The talking point of Stage Sixteen was, unsurprisingly, the ups and downs of Incredible Alberto. Delayed by a puncture, he was attacked by the massed ranks of all those teams with irons still in the fire. Now, there is an unwritten rule that you don’t attack the leader when he is in trouble, but Astana, and even Katyusha might have forgotten. The imperturbable Bertie was obliged to get a bit of a shuffle on, having lost 50 seconds or so, but still managed to get himself back to the front of the race, passing Aru on the way. Astana had obviously let Landa off the leash, with Aru two minutes adrift, and he duly sped away to become the first man this year to win a second stage. The admirable Kruijswijk had enough left for second and won himself the occupancy of the blue jersey, which the amiable Dutchman would be glad to keep. Contador’s ascent of the famous Mortirolo, by the way, was timed at just over 45 minutes. This is about three minutes slower than Pantani’s climb back in the EPO-fuelled 90s. Any conclusions will be left to the reader!
Sunshine, for a change. greeted Stage Seventeen which featured a short sprint stage into Lugano, in the Italian speaking area of Switzerland. Surviving sprinters were led by Viviani in the red jersey, slightly better off for having dodged the penalties imposed on many for over-sticky bottles on the previous day’s climbs. He quickly established his credentials by winning useful points, behind a three=man breakaway, at the first intermediate sprint.
After the absorption of the break Giant Alpecin showed some intent to break their duck, as far as stage wins were concerned, by powering the front of the peloton. Unfortunately for them, when it came to the finale, it was Lampre who took control and Modolo was duly delivered to win the stage. Second place went to Trek’s Nizzolo who took over the red jersey as a result.

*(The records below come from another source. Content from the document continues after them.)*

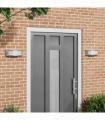 vidaXL Outdoor Wall Lights 2 pcs Silver 32 x 10 x 10 cm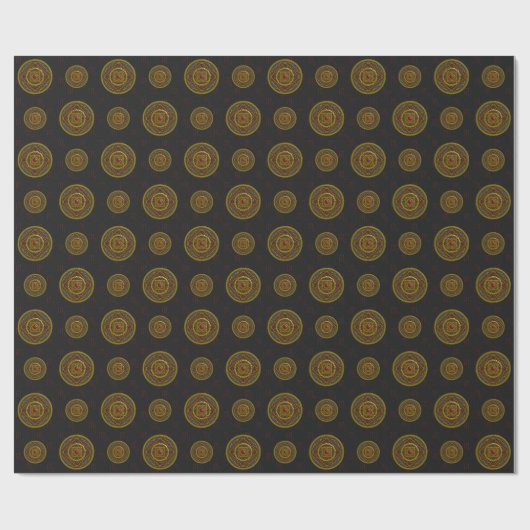 Scorpio Mandala — Verpakkingspapier Cadeaupapier (Vlak)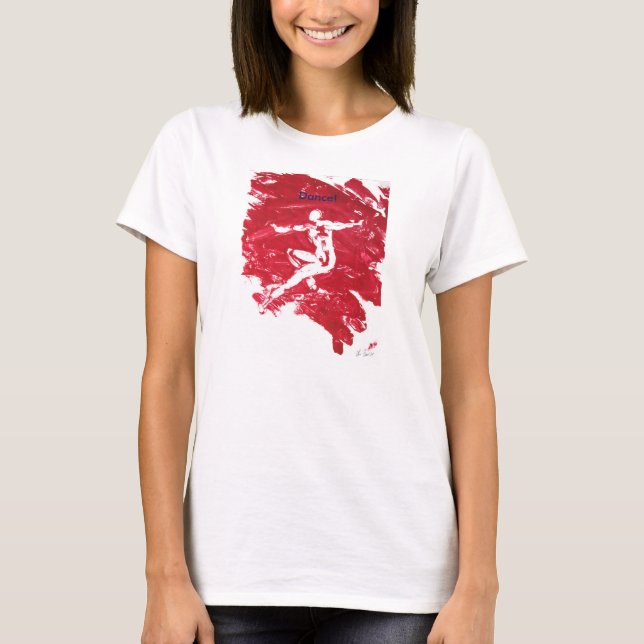 Camisa de Monoprint Red Dancer (Frente)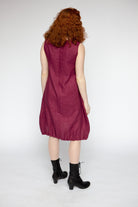 Red Thread's Linen Pintuck Dress for women, ethically made in Canada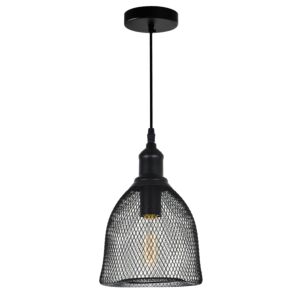 CWI Lighting Drea 1 Light Down Mini Pendant with Black finish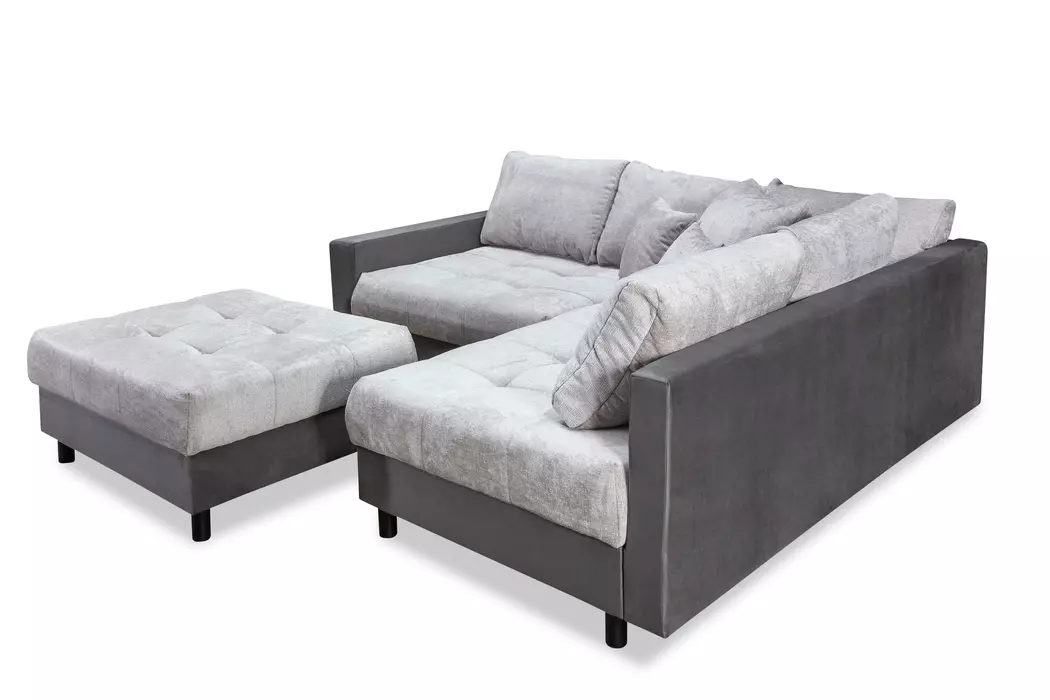 Ecksofa mit Hocker Antonia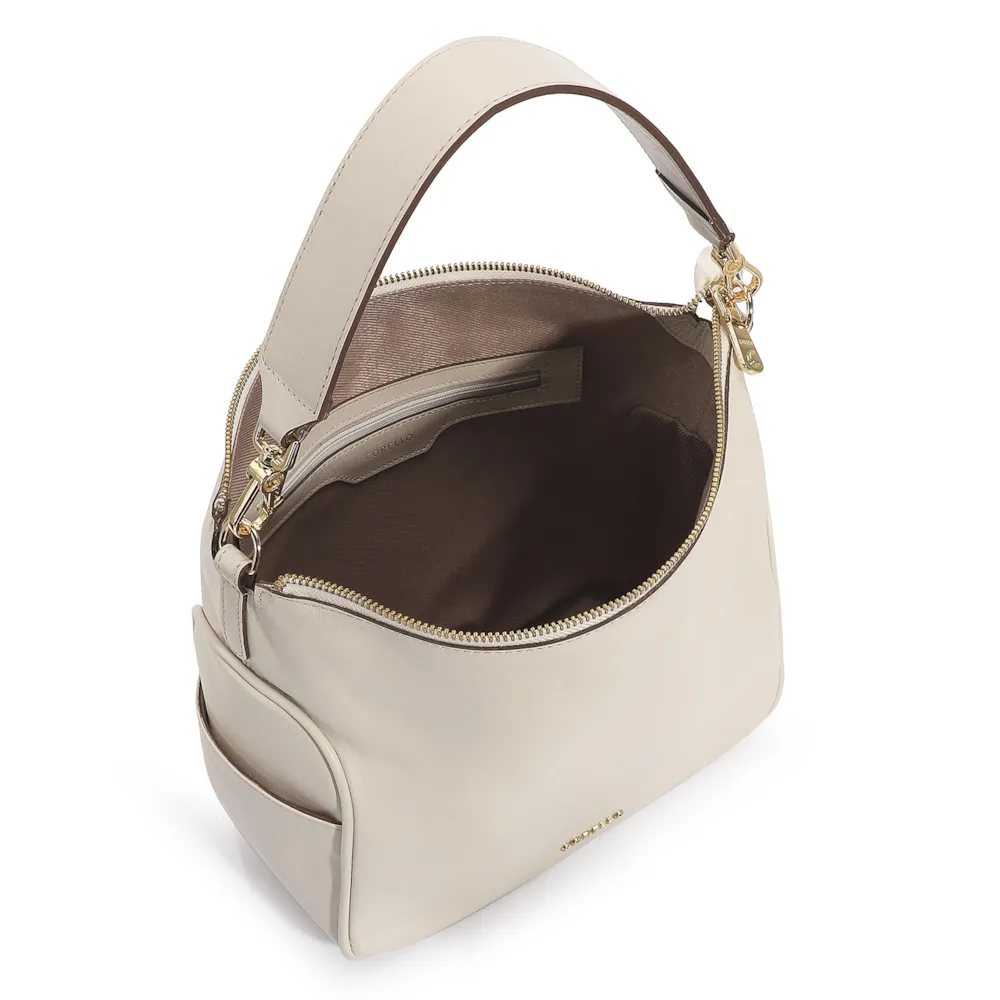 Hobo Couro Off White - imagem 5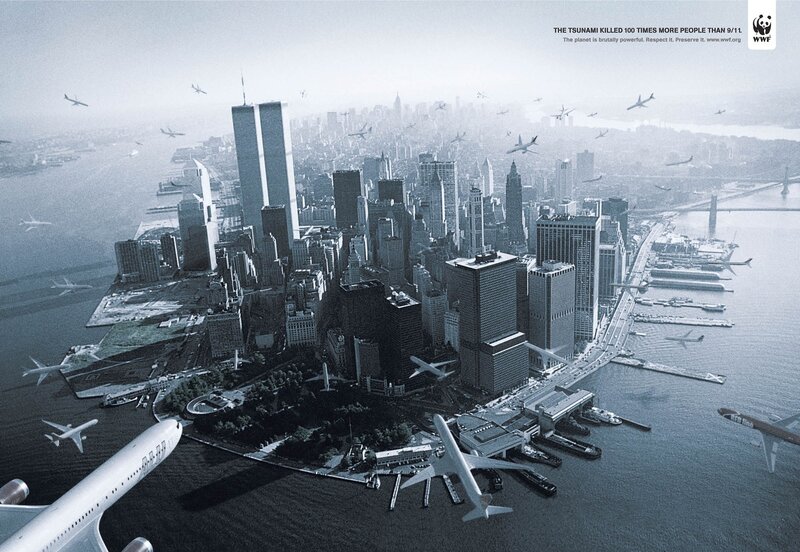 Airplanes over City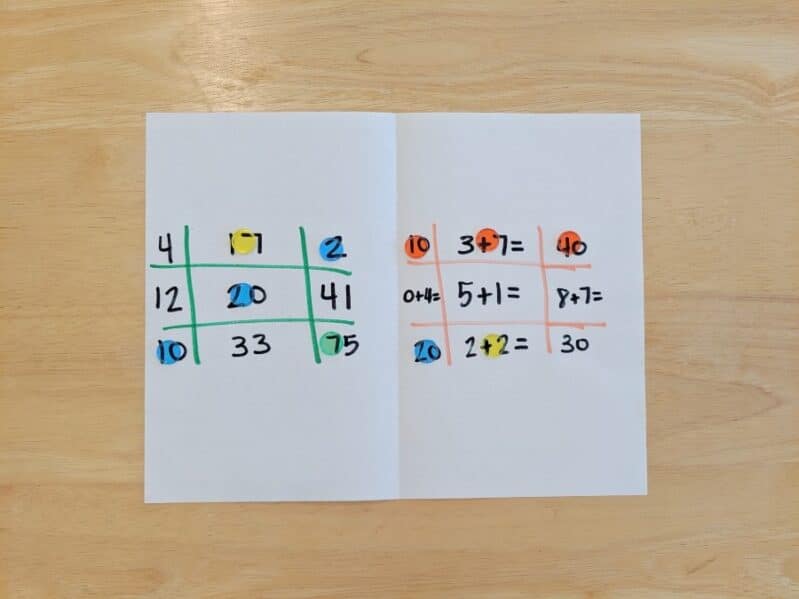 Work on math skills with a fun tic-tac-toe activity!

Monte Ologno was the significant declivity to mark out Stage Eighteen, again conducted in sunshine. Nonetheless, crashes dominated the pursuit of the break, which had stretched to double figures of minutes before the imperious Bertie set off on his own to do something about it. The little matter of Astana and Katyusha being held up behind the crash will have put a wry smile on the face of the Spaniard, and a huge grin on the face of Oleg Tinkoff, who had commented on the conduct of those teams after the Stage Sixteen incident. Contador teamed up with the advancing Hesjedal but in the meantime Gibert had jumped off the front and attempted to go for it all alone.
By the sunny shores of Lake Maggiore, Gilbert cruised to his second win of the edition, smiling and waving to the crowd. The biggest smiles would have been on the face of Contador. With only two big climbing days and the sprint int Milan remaining, there was no doubt who was in charge.